Friday, May 12, 2006


And here by popular request, boys and girls...

is your involute gear profile routine...

I had forgotten how finicky a business it is to create a rectangular to cylindrical coordinates conversion routine that uses the arctangent function that's good for all four quadrants of a 360 degree range. That took an interminable amount of time... all special cases. :-s

I didn't add fillets and roundings, mostly because for the size teeth we've been talking about, viz, 3 mm or so, I doubt that our repraps will even see that sized detail. I also used straight lines for the base between teeth and the tooth crowns for the same reason. If this proves to be a problem I'll expand the code. I'd rather not get caught up in guilding lilly exercises just now. I just want to make a drive train.

It's always fun to push design methods to extremes. This one from the University of LuleƄ that I've pirated for our purposes to design involute profile gears gives some really neat results at extremes as you can see with this 5 toothed gear. If we were really going to make gears at the extremes then fillets and rounds would be much more likely to be required. As it is, though... :-)

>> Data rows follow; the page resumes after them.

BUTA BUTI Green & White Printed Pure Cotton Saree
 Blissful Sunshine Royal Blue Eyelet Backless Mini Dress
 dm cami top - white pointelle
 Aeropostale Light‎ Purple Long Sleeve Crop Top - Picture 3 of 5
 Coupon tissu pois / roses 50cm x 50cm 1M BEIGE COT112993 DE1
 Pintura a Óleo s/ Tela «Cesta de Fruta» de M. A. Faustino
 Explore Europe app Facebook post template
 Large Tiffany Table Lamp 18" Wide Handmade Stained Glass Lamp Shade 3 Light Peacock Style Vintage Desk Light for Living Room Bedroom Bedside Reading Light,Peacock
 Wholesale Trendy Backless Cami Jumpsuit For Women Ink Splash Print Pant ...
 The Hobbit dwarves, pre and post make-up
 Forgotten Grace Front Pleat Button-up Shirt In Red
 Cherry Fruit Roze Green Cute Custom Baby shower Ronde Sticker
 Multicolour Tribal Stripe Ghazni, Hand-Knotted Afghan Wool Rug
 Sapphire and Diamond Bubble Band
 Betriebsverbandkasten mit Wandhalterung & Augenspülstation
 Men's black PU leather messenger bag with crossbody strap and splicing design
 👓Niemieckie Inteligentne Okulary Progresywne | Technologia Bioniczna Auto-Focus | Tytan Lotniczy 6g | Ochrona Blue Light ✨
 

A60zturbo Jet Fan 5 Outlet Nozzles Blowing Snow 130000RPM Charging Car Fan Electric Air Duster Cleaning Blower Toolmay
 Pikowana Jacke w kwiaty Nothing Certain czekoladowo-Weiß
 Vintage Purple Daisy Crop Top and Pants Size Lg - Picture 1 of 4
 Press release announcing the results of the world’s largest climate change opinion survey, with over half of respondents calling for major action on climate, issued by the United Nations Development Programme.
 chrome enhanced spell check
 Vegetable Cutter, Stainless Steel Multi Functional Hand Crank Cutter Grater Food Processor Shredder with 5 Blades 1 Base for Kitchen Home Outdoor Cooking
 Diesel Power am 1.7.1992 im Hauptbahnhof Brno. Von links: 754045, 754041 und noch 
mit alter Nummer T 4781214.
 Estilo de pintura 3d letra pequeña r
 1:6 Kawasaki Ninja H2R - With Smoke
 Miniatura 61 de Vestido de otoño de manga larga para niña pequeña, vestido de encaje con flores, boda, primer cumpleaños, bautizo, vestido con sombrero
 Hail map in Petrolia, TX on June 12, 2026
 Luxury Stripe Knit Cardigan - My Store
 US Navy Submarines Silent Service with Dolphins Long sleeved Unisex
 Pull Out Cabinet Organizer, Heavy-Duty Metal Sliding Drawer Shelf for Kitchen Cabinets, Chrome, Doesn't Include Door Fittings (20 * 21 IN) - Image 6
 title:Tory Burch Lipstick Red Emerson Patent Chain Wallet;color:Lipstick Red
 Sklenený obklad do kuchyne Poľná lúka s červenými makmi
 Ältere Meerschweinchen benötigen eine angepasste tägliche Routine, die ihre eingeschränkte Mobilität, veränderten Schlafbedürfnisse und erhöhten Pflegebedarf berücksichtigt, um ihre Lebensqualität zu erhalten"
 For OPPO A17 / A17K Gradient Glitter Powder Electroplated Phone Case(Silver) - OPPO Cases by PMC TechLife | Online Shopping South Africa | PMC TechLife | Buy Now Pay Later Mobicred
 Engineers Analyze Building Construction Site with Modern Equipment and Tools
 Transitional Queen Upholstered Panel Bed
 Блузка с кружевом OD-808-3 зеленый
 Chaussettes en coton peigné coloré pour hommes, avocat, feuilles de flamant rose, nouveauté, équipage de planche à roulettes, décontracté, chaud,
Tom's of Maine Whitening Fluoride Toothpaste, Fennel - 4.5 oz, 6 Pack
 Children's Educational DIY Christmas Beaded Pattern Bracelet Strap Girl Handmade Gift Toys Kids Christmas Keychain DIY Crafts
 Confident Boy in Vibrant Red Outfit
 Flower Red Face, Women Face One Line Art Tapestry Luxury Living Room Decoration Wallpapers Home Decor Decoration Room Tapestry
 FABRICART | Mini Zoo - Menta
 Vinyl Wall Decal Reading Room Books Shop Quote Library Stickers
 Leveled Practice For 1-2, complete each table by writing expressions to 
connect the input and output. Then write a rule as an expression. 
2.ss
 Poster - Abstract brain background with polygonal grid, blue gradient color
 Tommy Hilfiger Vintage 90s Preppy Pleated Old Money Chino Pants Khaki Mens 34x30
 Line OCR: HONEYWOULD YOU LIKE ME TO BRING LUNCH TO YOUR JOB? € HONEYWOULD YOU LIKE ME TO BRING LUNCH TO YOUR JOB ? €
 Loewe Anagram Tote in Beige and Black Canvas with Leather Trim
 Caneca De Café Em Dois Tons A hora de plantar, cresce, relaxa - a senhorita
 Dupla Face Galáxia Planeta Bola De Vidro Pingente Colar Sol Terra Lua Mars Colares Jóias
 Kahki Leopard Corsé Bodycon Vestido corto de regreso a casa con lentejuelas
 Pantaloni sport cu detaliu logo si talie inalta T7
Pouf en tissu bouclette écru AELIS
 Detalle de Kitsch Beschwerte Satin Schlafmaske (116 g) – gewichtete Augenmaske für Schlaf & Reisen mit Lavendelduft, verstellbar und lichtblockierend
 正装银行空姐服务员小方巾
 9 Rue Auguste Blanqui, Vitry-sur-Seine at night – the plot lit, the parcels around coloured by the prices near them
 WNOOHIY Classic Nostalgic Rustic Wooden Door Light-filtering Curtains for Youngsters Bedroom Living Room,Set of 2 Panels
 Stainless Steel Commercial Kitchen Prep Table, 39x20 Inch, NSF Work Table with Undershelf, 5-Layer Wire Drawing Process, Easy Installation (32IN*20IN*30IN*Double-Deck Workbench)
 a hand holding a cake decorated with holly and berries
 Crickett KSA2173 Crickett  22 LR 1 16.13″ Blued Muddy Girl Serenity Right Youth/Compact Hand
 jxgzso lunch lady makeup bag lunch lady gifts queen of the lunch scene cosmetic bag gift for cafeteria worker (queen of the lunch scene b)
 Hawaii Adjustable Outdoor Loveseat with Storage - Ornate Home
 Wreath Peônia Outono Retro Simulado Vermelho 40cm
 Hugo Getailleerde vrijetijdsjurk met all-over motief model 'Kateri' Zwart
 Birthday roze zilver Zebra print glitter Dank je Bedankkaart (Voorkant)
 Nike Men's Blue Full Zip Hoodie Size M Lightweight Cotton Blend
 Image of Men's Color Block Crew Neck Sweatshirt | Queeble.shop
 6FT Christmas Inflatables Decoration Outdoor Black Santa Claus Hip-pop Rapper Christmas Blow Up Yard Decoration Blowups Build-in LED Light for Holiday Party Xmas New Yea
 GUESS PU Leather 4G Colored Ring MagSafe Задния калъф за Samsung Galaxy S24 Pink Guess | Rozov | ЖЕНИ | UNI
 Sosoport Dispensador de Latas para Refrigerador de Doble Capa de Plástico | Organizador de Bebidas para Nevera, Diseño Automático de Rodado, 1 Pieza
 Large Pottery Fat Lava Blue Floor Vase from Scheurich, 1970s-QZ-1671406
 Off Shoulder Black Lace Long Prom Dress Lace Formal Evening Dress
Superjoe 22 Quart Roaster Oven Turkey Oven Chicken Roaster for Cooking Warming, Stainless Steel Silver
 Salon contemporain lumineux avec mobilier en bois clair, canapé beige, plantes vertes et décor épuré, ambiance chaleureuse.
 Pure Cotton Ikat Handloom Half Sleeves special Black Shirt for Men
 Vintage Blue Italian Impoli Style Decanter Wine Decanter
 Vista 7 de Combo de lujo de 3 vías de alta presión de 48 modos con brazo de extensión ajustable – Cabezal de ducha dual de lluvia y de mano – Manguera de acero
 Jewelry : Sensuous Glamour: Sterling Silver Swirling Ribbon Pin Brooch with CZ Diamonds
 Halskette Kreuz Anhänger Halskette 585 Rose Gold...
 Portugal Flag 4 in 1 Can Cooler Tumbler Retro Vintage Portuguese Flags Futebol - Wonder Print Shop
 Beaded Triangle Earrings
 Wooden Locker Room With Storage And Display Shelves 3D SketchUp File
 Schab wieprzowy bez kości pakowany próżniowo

There's a contract final report to write up and turn in in the morning along with an invoice so I won't be getting back to this till tomorrow afternoon or evening. I'll be trying to sort out the design process so that we can make gears that mesh properly with less effort than is presently the case. If that works I'll clean up the code logic and try to translate this into Java this weekend. I've got Vik's excellently written cog script as a starting point, so I'm not expecting a lot of problem with that. Wish me luck, though, after all I didn't think that doing a simple cylindrical to rectangular coordinates conversion was going to be such a big deal beforehand, either. :-(

That'll take a lot of rattling out of the current gearing. Good one, Forrest!